Performance degradation after upgrading from 0.5.1 to 0.6.2 -- how to avoid memory allocation?

General Usage Performance
1 
for rating in ratings
    x_idx = rating[1] + 1
    y_idx = rating[2] + 1
    rv = rating[3]

     W_row = W[:, x_idx]
     H_row = H[:, y_idx]
     pred = dot(W_row, H_row)
     diff = rv - pred
     W_grad = -2 * diff .* H_row
     H_grad = -2 * diff .* W_row
     W[:, x_idx] = W_row - step_size .* W_grad
     H[:, y_idx] = H_row - step_size .* H_grad
end

Above is a piece of code whose performance degrades by ~20x (from 1.2 seconds to 32 seconds for some particular input data) after I upgraded to Julia v0.6.2 from v0.5.1. Even with v0.5.1, it’s 3~4x slower than the same program written in C++.

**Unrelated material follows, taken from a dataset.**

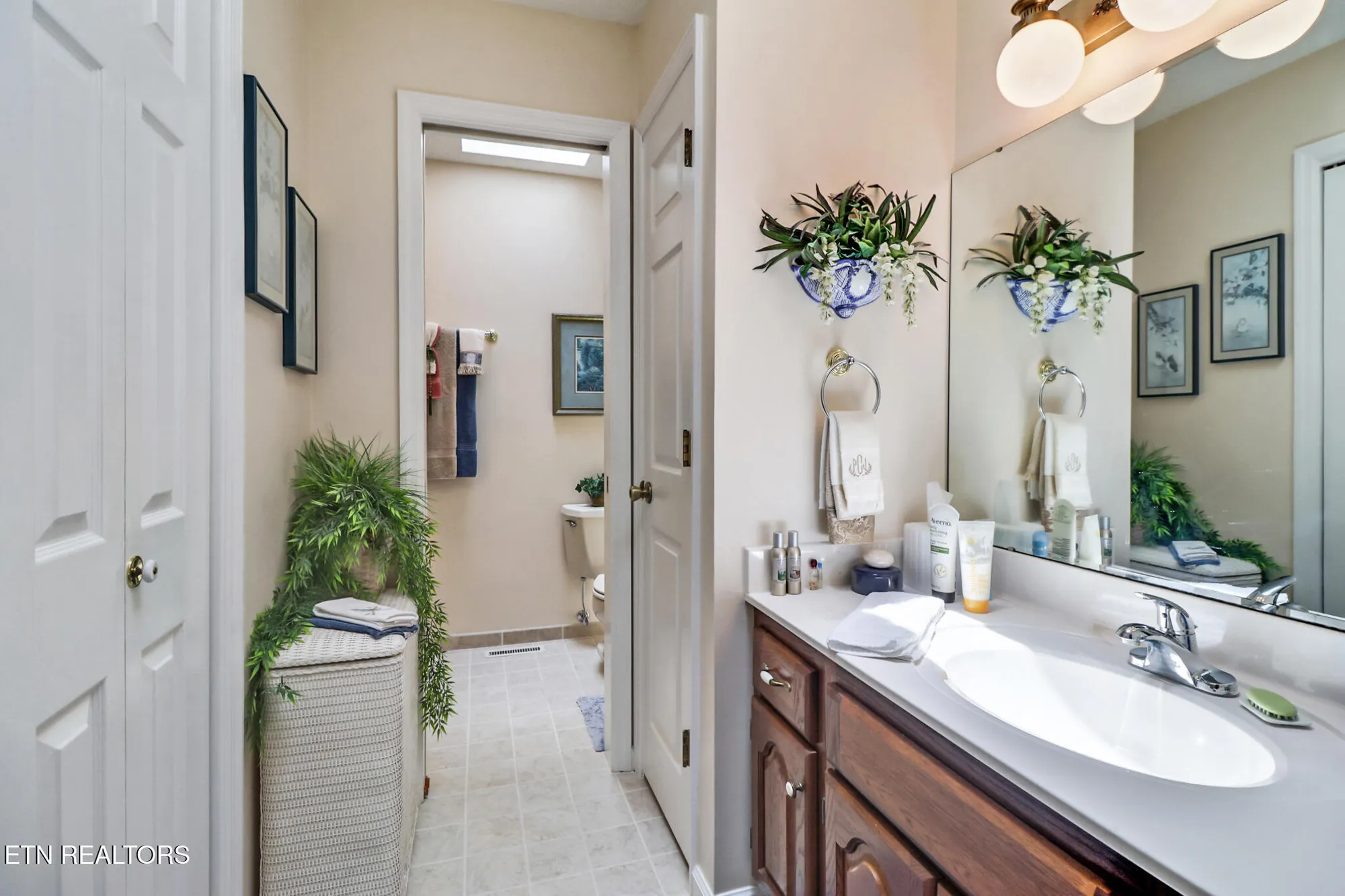 Property Slideshow image 38 of 43 | 131 snead dr, Crossville, TN, 38558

In the above code, ratings is a Vector of tuples, W and H are 2-dimensional arrays of roughly 100 by 5000.

I am guessing that it’s memory allocation that caused the problem.

Julia v0.6.2:
32.802334 seconds (148.08 M allocations: 11.332 GiB, 4.71% gc time)

Julia v0.5.1:
1.263061 seconds (18.58 M allocations: 6.835 GB, 9.55% gc time)

Why does v0.6.2 allocate much more memory?

In my C++ code, I would have pre-allocated memory for variables like W_row H_row etc and reuse the same memory across iterations. How would I do the same thing in Julia?

Memory allocation profiling (v0.6.2):

0 for iteration = 1:num_iterations
0 for rating in ratings
59192224 x_idx = rating[1] + 1
55158016 y_idx = rating[2] + 1
32006688 rv = rating[3]
-
2298050581 W_row = W[:, x_idx]
2291205792 H_row = H[:, y_idx]
32236624 pred = dot(W_row, H_row)
32006688 diff = rv - pred
3971640698 W_grad = -2 * diff .* H_row
3968829312 H_grad = -2 * diff .* W_row
5795581993 W[:, x_idx] = W_row - step_size .* W_grad
5793210528 H[:, y_idx] = H_row - step_size .* H_grad
- end

Memory allocation profiling (v0.5.1):

0 for iteration = 1:num_iterations
0 for rating in ratings
59192224 x_idx = rating[1] + 1
55158016 y_idx = rating[2] + 1
32006688 rv = rating[3]
-
1793490040 W_row = W[:, x_idx]
1792374528 H_row = H[:, y_idx]
32279345 pred = dot(W_row, H_row)
32006688 diff = rv - pred
1825048125 W_grad = -2 * diff .* H_row
1824381216 H_grad = -2 * diff .* W_row
3618250719 W[:, x_idx] = W_row - step_size .* W_grad
3616755744 H[:, y_idx] = H_row - step_size .* H_grad
- end

2

Please provide a complete reproducible example. It’s going to be impossible to make any definite statements about performance without knowing exactly how you’ve set up your problem. For example, is this code inside a function? Are W and H globals? What are the element types? These are all critically important to understanding the performance of your code.

If you provide a block of code that can be run locally then it will be much easier to help figure out the performance issue.

3

Thanks for your quick reply!

Please find my full program here: Pastiebin.com 5ab805f723ae3

4

That’s still missing the input data file?

5

Please download a sample input from here: http://www.cs.cmu.edu/~jinlianw/data/ratings.csv (11MB)

BTW, both versions of Julia were built from the source tarball.

6

Ok, so

ratings = Array{Tuple{Integer, Integer, Real}}(0)

is not concretely typed and will have quite bad performance. Change to e.g. Array{Tuple{Int, Int, Float64}}.
There were also some other places where you could use in place dot assignment more effecitvely and using views.

https://gist.github.com/KristofferC/91a4084b500c9f198b59af2486297b03 runs at 2 seconds per iteration for me while the original code ran at 55 seconds per iteration.

7

Is there any reason you cannot replace Tuple{Integer, Integer, Real} with Tuple{Int, Int, Float64}? The latter is going to be more more efficient. It could also be even faster to store the data as three vectors rather than as a vector of 3-tuples.

8

Great! Thanks! By changing the array type and using views I could reduce the runtime down to 0.63 seconds from 32 seconds, and further down to 0.59 seconds by using in-place dot assignment .=. However, @. causes exception – although I never saw it before I take it’s just another way of writing in place dot assignments?

9

Thanks! Yes, fixing the tuple type did help!

10

Yes @. is just a way of dotting all operators in the expression.